• **Directions for this task**: For every line below, output the text exactly and leave out images.

• **Data provided**:

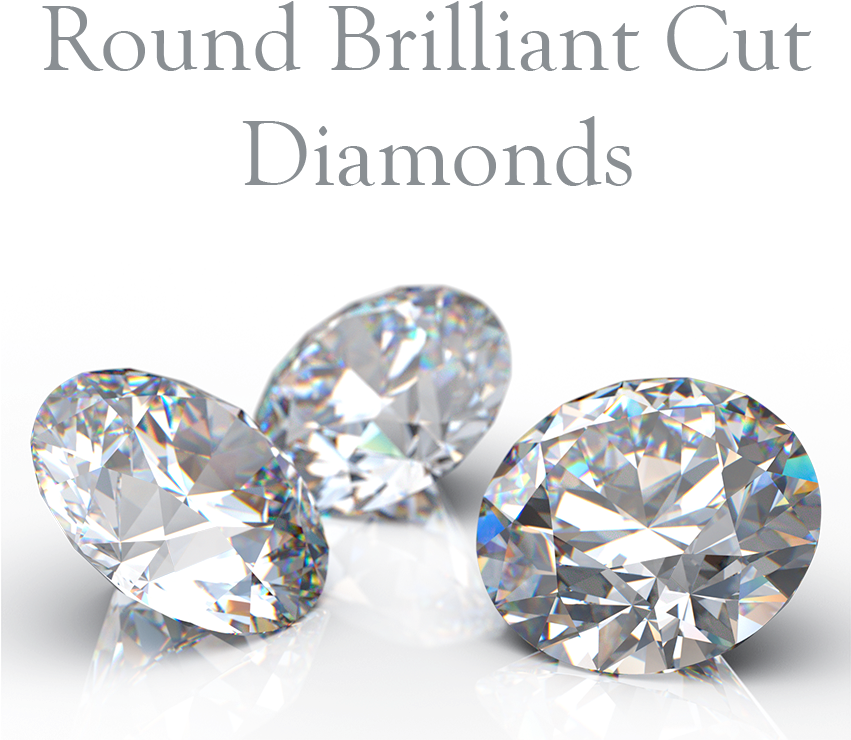 Round Brilliant Cut Diamonds Online From Australian - Diamond (850x850), Png Download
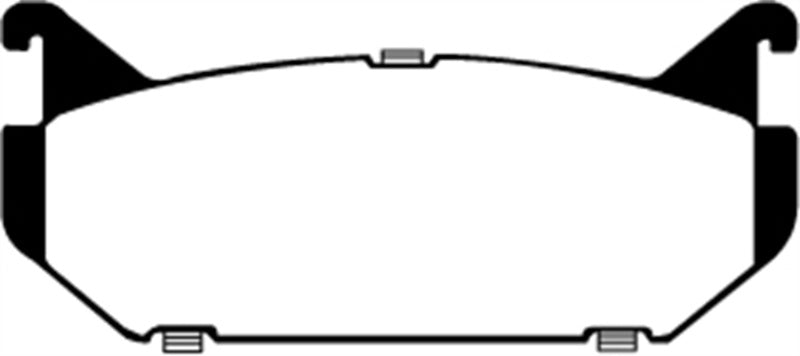 EBC 93-97 Ford Probe 2.0 16v Yellowstuff Rear Brake Pads - DP4972R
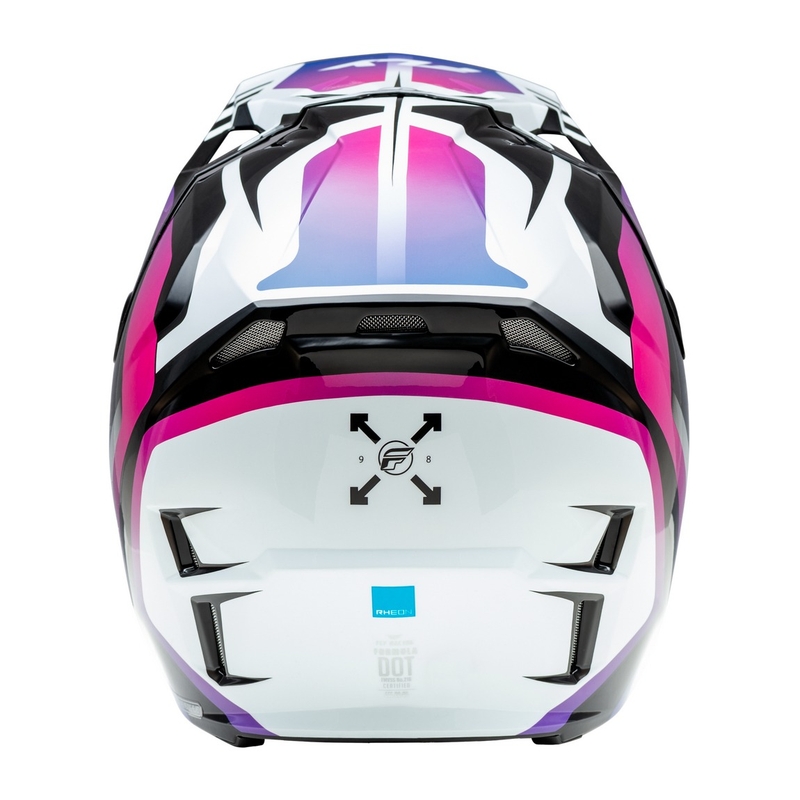 Motorcrosshelm FLY Racing Formula CP wit-zwart-paars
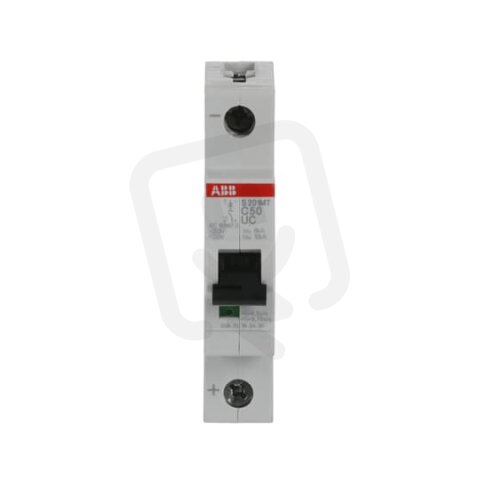 ABB S201MT-C50UC jistič 1F 50 A char. C 10kA 220VDC/253VAC pro kolejová vozidla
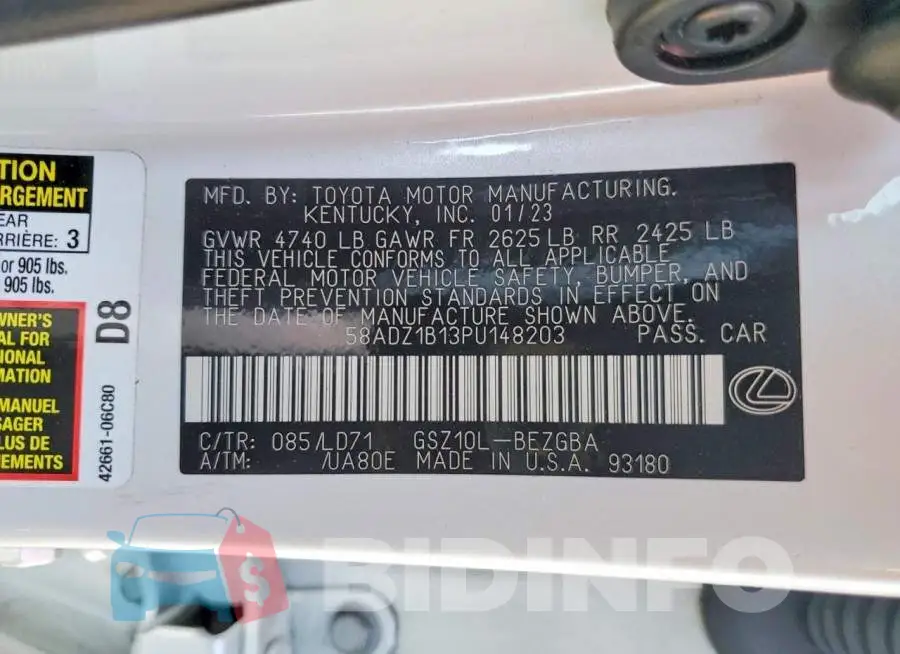 58ADZ1B13PU148203 Photo# 12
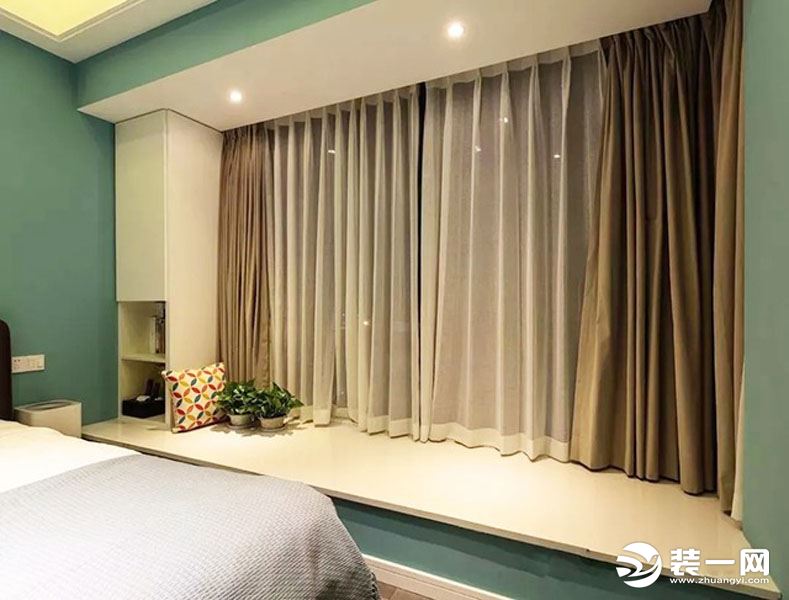 惠州景欣装饰85平米轻奢风格，背景墙一眼就爱上卧室效果图
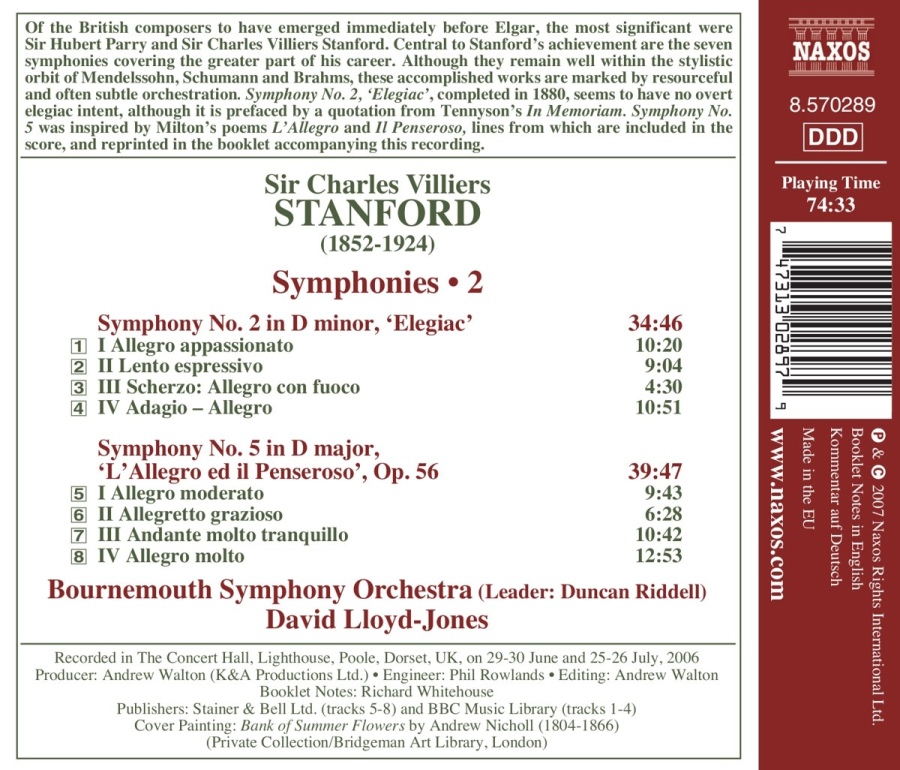 STANFORD: Symphonies Nos. 2 & 5 - slide-1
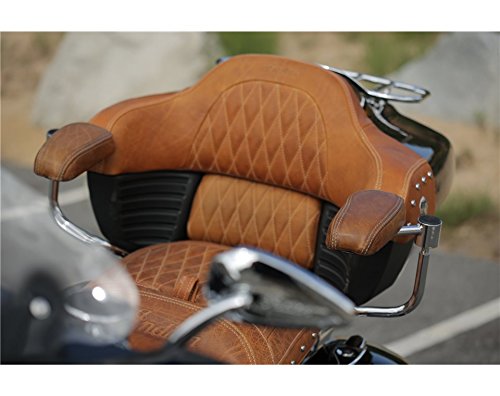 Indian Motorcycle Leather Quilted Trunk Passenger Backrest Pad 2880284-06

• **Answer section**:
 Round Brilliant Cut Diamonds Online From Australian - Diamond (850x850), Png Download
 EBC 93-97 Ford Probe 2.0 16v Yellowstuff Rear Brake Pads - DP4972R
 Motorcrosshelm FLY Racing Formula CP wit-zwart-paars
 ABB S201MT-C50UC jistič 1F 50 A char. C 10kA 220VDC/253VAC pro kolejová vozidla
 58ADZ1B13PU148203 Photo# 12
 惠州景欣装饰85平米轻奢风格，背景墙一眼就爱上卧室效果图
 STANFORD: Symphonies Nos. 2 & 5 - slide-1
 Indian Motorcycle Leather Quilted Trunk Passenger Backrest Pad 2880284-06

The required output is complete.